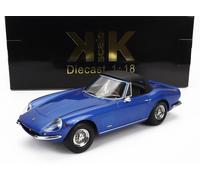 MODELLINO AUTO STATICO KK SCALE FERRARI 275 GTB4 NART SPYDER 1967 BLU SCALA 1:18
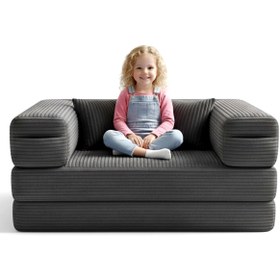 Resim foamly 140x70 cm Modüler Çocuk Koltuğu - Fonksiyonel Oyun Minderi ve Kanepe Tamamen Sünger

● ● ●

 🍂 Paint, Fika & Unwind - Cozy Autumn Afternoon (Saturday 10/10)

● ● ●

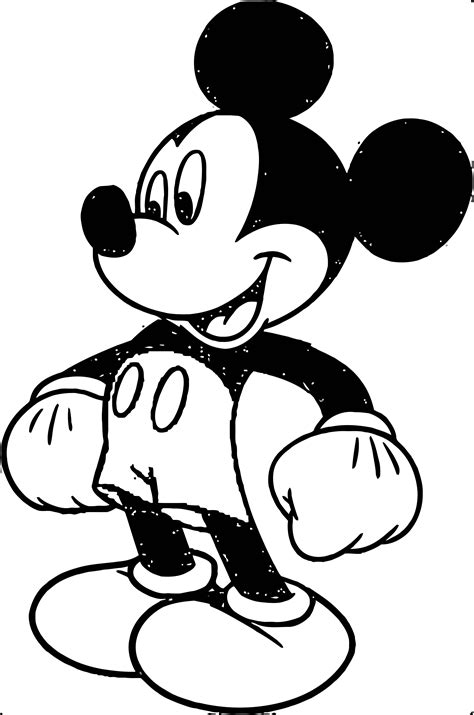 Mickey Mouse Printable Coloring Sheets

● ● ●

WORK TO BE COMPLETED
Your answer must be the lines above from the one holding "MODELLINO AUTO STATICO" up to and including the one holding "Resim foamly 140x70", exact and with no pictures.

TASK RESULT
 MODELLINO AUTO STATICO KK SCALE FERRARI 275 GTB4 NART SPYDER 1967 BLU SCALA 1:18
 Resim foamly 140x70 cm Modüler Çocuk Koltuğu - Fonksiyonel Oyun Minderi ve Kanepe Tamamen Sünger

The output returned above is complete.